Fletcher also noted that recently Musselman pleaded guilty to two counts of feeding bears. He said she didn't have an attorney at that time, and taking into account her mental state, he may try to get those guilty pleas withdrawn.
Musselman, a former teacher, has no prior criminal history, Fletcher added, but Ellis said he believes she knows right from wrong.
That's evident, Ellis said, because she waited until her husband went out to eat before putting out the food.
While some people continue to question putting Musselman in jail, Ellis said, they've given her several chances to stop feeding animals.

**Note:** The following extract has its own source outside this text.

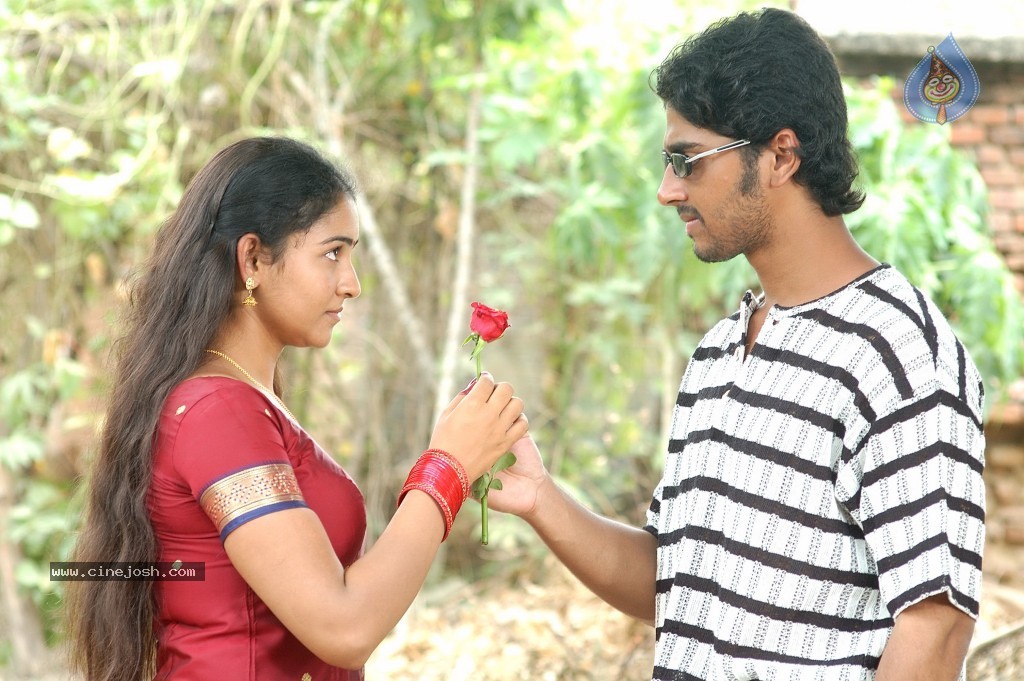 Mamatha 100 Percent Prema Movie New Stills - 12 / 18 photos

He said he's also concerned something could happen if Musselman continues feeding bears and authorities don't stop her.
"A mother clutching her dead child is going to want to know why," Ellis said. "She's not going to care if she (the woman feeding the bears) is 23 or 83."
One neighbor voiced concerns about safety.

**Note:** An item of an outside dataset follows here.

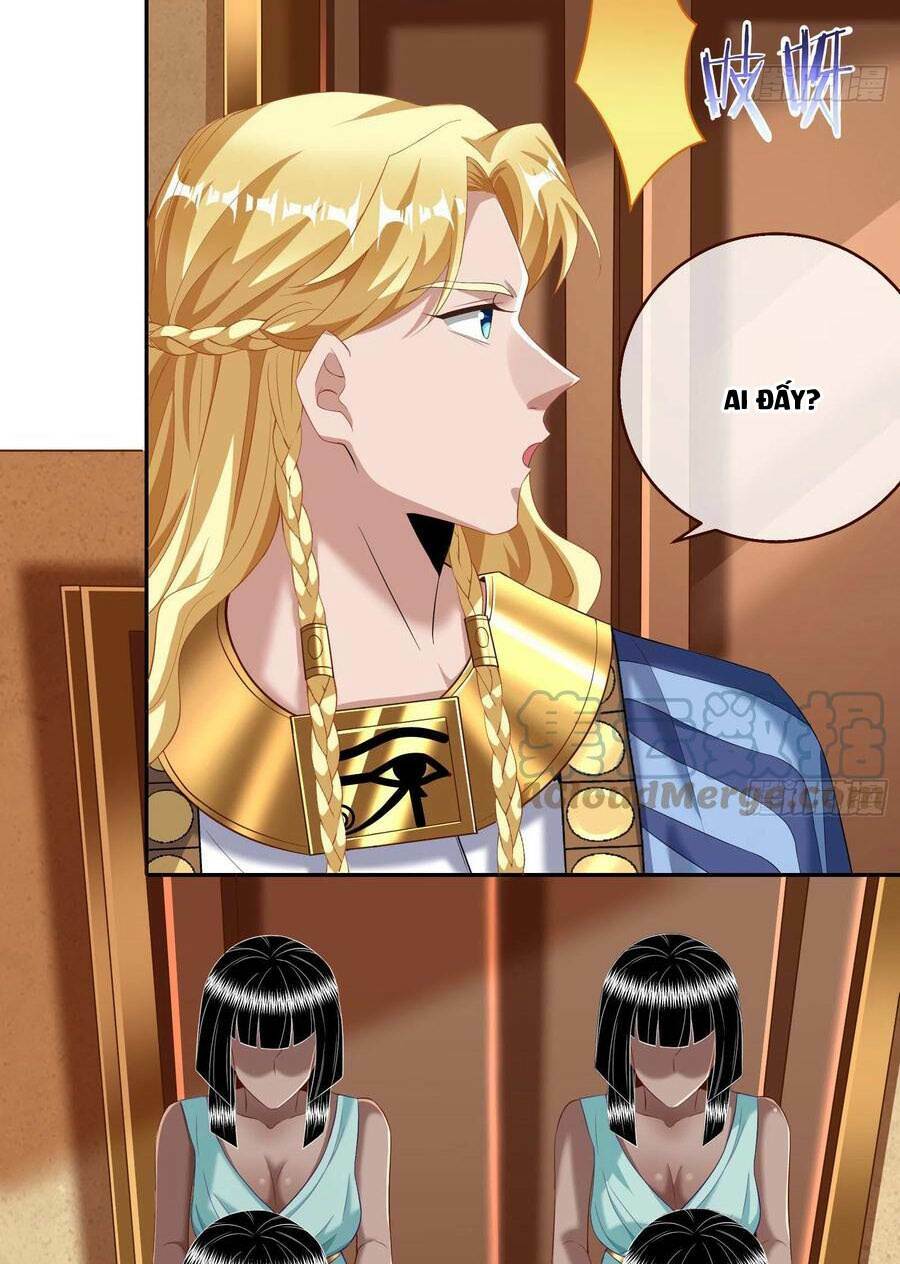 Vạn Tra Triêu Hoàng Chapter 517 - Trang 2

Jen Schreiner, who lives on Mini Ranch Road, in the area where Musselman lives, is concerned about the safety of the children and her four dogs.
"My smallest is my basset hound, but if she gets back in the wooded area and the bears are being fed she is going to get hurt," she said.
About two or three months ago, Schreiner's stepdaughter and her friend saw a bear.
"Her friend who lives down the block, the bear was in her driveway and the girls had to come here because they couldn't go any further," Schreiner said. "There's kids in the neighborhood; it's not safe."
But on Facebook, there was mixed reactions to the arrest.
Corrie Padelford wrote: "This is outrageous... all i can think of is my grandmother and how she loved any animal and would feed anything that she felt needed to eat from people to wild animals. This lady is 81 and deserves to be happy; if feeding birds is illegal we would all be in jail."
But Devon Wilson had a different perspective.
"Come on people they are not arresting her because she fed the birds. She was told by a judge and wildlife officers to quit feeding any wildlife including birds until the bears moved on. One bear had to be put down because of her. She was even named the bear and it was approaching her. Maybe when a bear attacks a young child or something maybe everyone will realize she isn't just feeding her birds. If you want someone to be upset with why is a family member or friend not checking on her and making sure she doesn't feed the birds," he said.